Dataset records:

<<<<

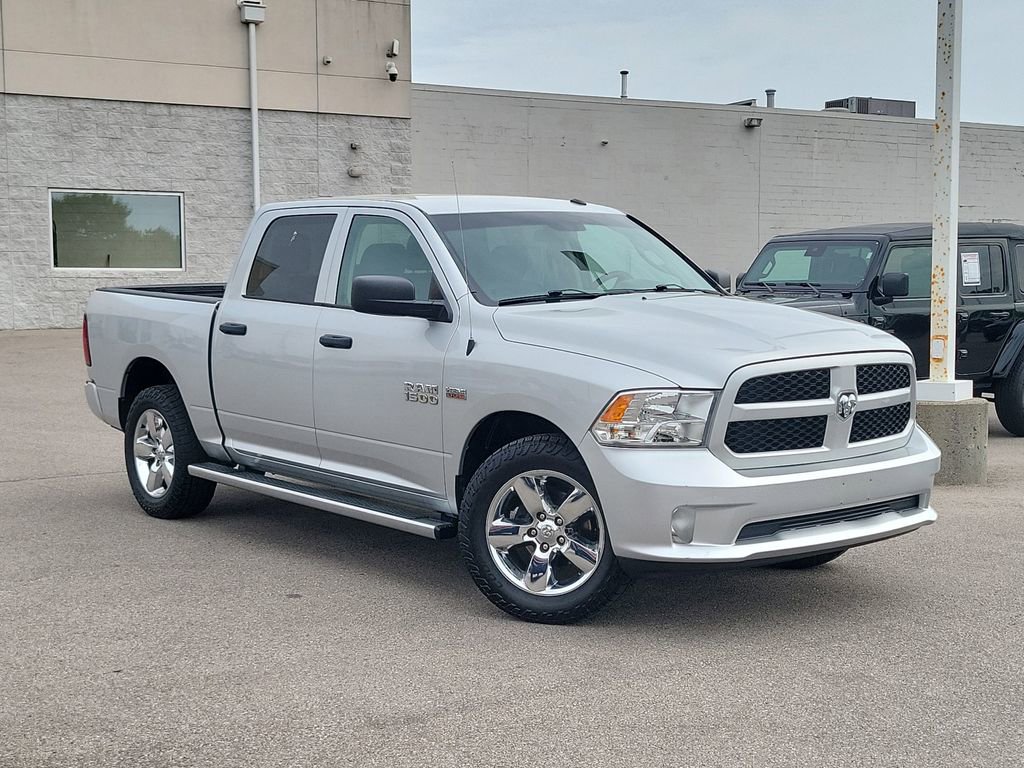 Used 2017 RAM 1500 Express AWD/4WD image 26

>>>>
<<<<

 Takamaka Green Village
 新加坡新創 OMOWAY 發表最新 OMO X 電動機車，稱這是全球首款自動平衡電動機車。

>>>>
<<<<

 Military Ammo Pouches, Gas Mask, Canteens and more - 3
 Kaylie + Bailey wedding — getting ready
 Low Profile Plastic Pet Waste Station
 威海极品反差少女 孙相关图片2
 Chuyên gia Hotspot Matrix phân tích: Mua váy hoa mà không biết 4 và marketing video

>>>>

Work instructions:
Considering only the material above, set down every line from the one with "威海极品反差少女 孙相关图片2" to the one with "Chuyên gia Hotspot", inclusive, exactly as written.

Response for this exercise:
 威海极品反差少女 孙相关图片2
 Chuyên gia Hotspot Matrix phân tích: Mua váy hoa mà không biết 4 và marketing video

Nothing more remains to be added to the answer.